■ TASK DIRECTIONS
Only the lines from the beginning of the data through the line holding "Music streaming app." belong in the answer, printed exactly and without pictures.

BEGIN

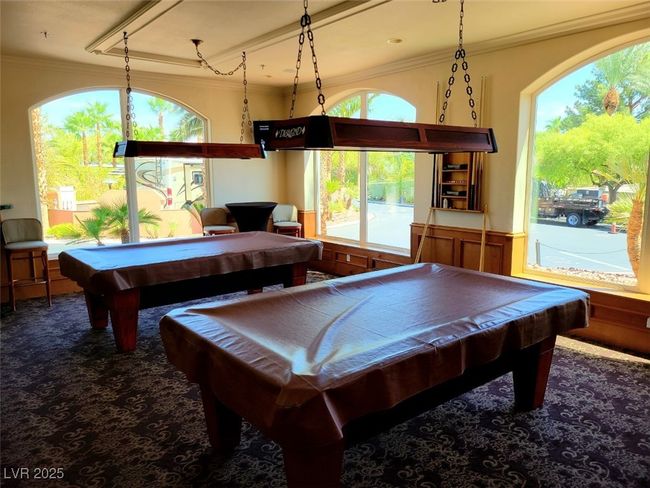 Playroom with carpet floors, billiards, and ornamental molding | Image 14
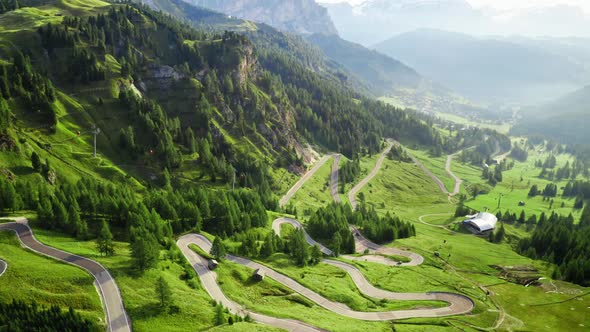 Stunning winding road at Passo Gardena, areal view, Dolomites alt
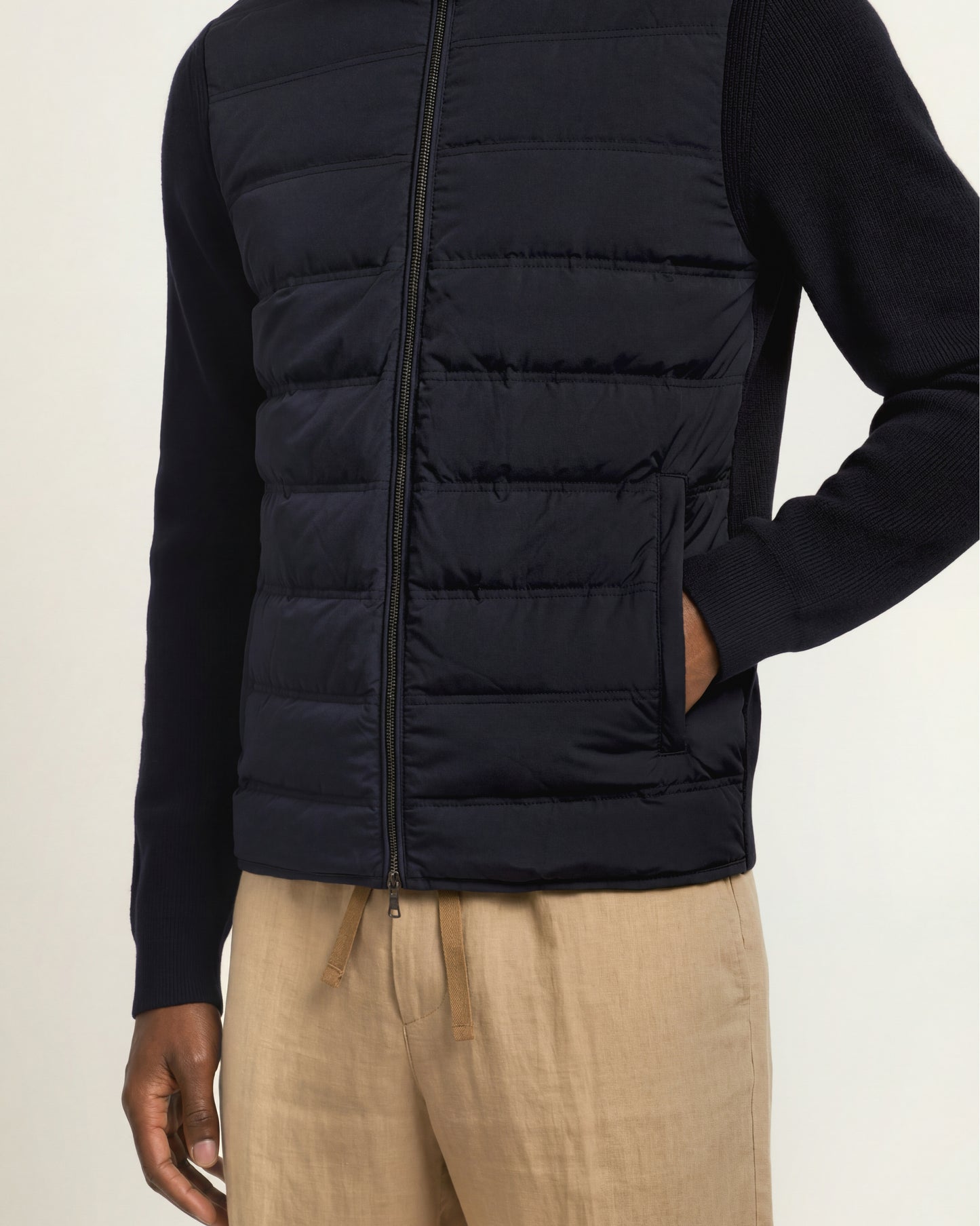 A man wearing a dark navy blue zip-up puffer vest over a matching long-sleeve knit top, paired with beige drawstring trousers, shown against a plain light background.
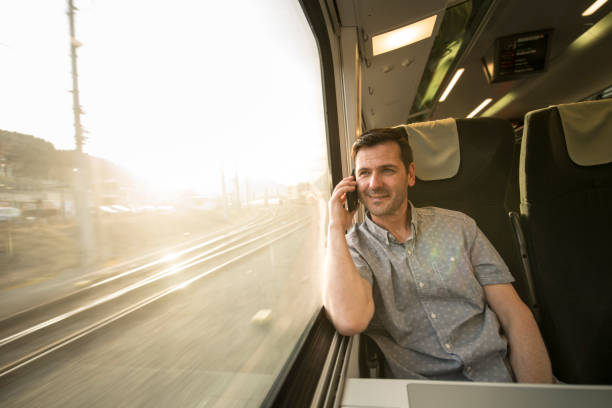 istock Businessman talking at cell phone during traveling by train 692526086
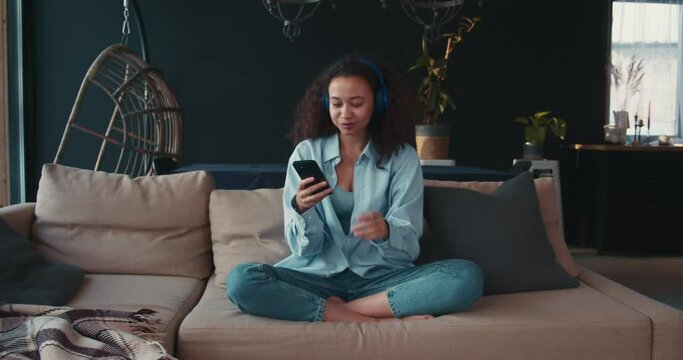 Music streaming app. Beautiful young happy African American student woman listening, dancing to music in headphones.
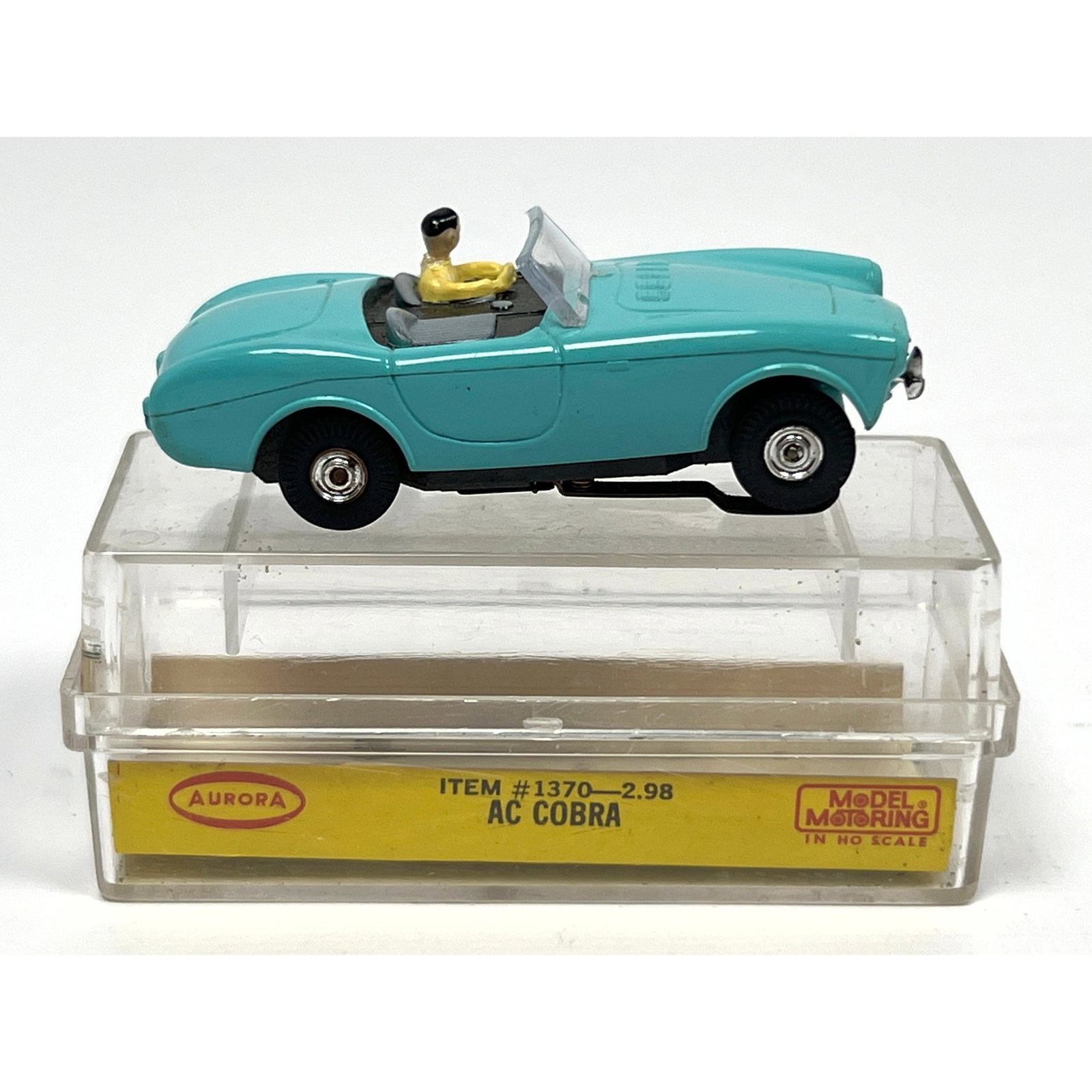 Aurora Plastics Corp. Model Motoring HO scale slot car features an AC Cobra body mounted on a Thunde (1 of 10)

END

■ EXERCISE RESULT
 Playroom with carpet floors, billiards, and ornamental molding | Image 14
 Stunning winding road at Passo Gardena, areal view, Dolomites alt
 A man wearing a dark navy blue zip-up puffer vest over a matching long-sleeve knit top, paired with beige drawstring trousers, shown against a plain light background.
 istock Businessman talking at cell phone during traveling by train 692526086
 Music streaming app. Beautiful young happy African American student woman listening, dancing to music in headphones.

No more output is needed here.